The digits dataset of scikit-learn is the test set of the UCI optdigits dataset. Apparently consecutive samples are more likely to stem from the same writer on this dataset. Hence the samples are not independent and identically distributed (iid) as different writing styles grouped togethers effectively introduce a dependency. Unfortunately the exact per-sample authorship metadata has not be kept in the optdigits dataset.
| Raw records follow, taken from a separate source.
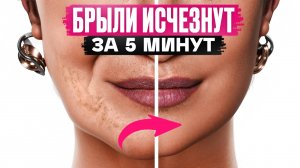 Верни четкий овал за 5 минут в день! Домашняя подтяжка нижней трети БЕЗ уколов и нитей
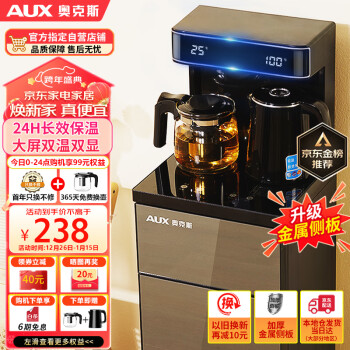 AUX 奥克斯 家用茶吧机 立式智能遥控茶吧机温热款YCB-58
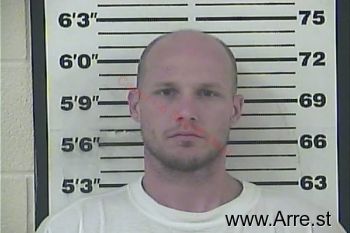 Casey Lynn Reed Mugshot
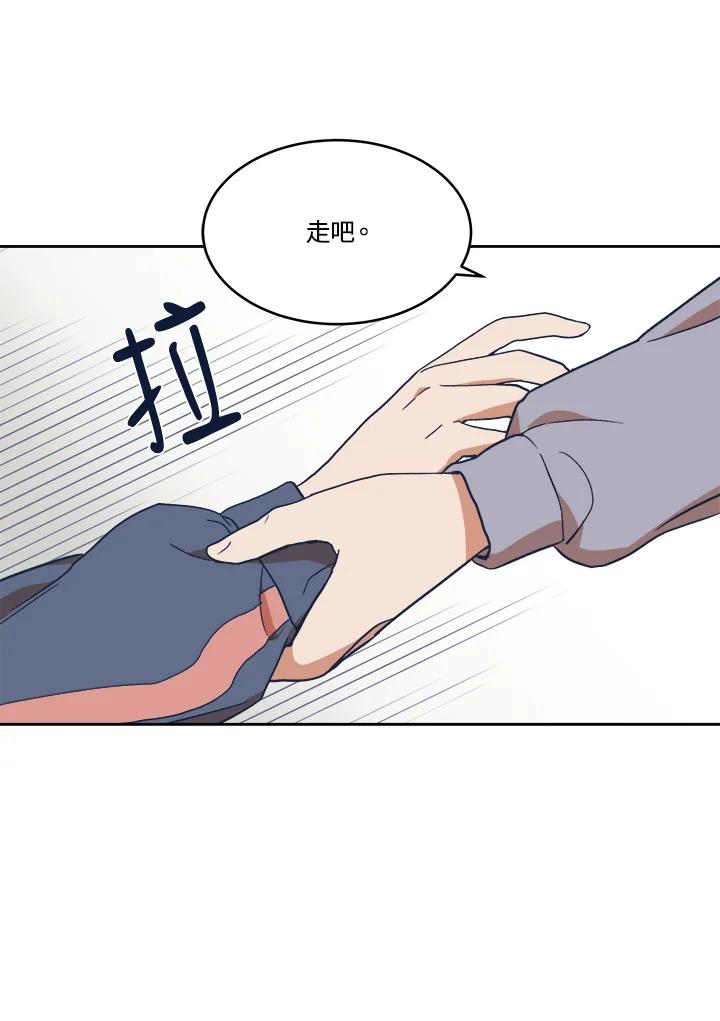 《未来的照片》第6话 第14页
This is highlighted by the fact that shuffling the data significantly affects the test score estimated by K-Fold cross-validation. Let us build a model with non-optimal parameters to highlight the impact of dependent samples:

In [3]:

from sklearn.svm  import SVC

model = SVC(C=10, gamma=0.005)

In [4]:

from sklearn.cross_validation import cross_val_score

def print_cv_score_summary(model, X, y, cv):
    scores = cross_val_score(model, X, y, cv=cv, n_jobs=-1)
    print("mean: {:3f}, stdev: {:3f}".format(
        np.mean(scores), np.std(scores)))

KFold does not shuffle the data by default hence takes the dependency structure of the dataset into account for small number of folds such as k=5:

In [5]:

from sklearn.cross_validation import KFold

cv = KFold(len(y), 5)
print_cv_score_summary(model, X, y, cv)

mean: 0.901543, stdev: 0.037016

If we shuffle the data, the estimated test score is much higher as we hide the dependency structure to the model hence we cannot detect the overfitting caused by the author writing styles:

In [6]:

cv = KFold(len(y), 5, shuffle=True, random_state=0)
print_cv_score_summary(model, X, y, cv)

mean: 0.968836, stdev: 0.007350

In [7]:

cv = KFold(len(y), 5, shuffle=True, random_state=1)
print_cv_score_summary(model, X, y, cv)

mean: 0.967725, stdev: 0.004847

In [8]:

cv = KFold(len(y), 5, shuffle=True, random_state=2)
print_cv_score_summary(model, X, y, cv)

mean: 0.966622, stdev: 0.010217

There is almost 7% discrepancy between the estimated score probably caused by the dependency between samples.

Those shuffled KFold cv scores are in-line with equivalent ShuffleSplit:

In [9]:

from sklearn.cross_validation import ShuffleSplit

cv = ShuffleSplit(len(y), n_iter=5, test_size=0.2, random_state=0)
print_cv_score_summary(model, X, y, cv)

mean: 0.971667, stdev: 0.007115

In [10]:

cv = ShuffleSplit(len(y), n_iter=5, test_size=0.2, random_state=1)
print_cv_score_summary(model, X, y, cv)

mean: 0.973333, stdev: 0.003333

In [11]:

cv = ShuffleSplit(len(y), n_iter=5, test_size=0.2, random_state=2)
print_cv_score_summary(model, X, y, cv)

mean: 0.958333, stdev: 0.008784

Note that StratifiedKFold sorts the samples by classes prior to computing the folds hence breaks the dependency too (at least in scikit-learn 0.14):

In [12]:

from sklearn.cross_validation import StratifiedKFold

cv = StratifiedKFold(y, 5)
print_cv_score_summary(model, X, y, cv)

mean: 0.969404, stdev: 0.010674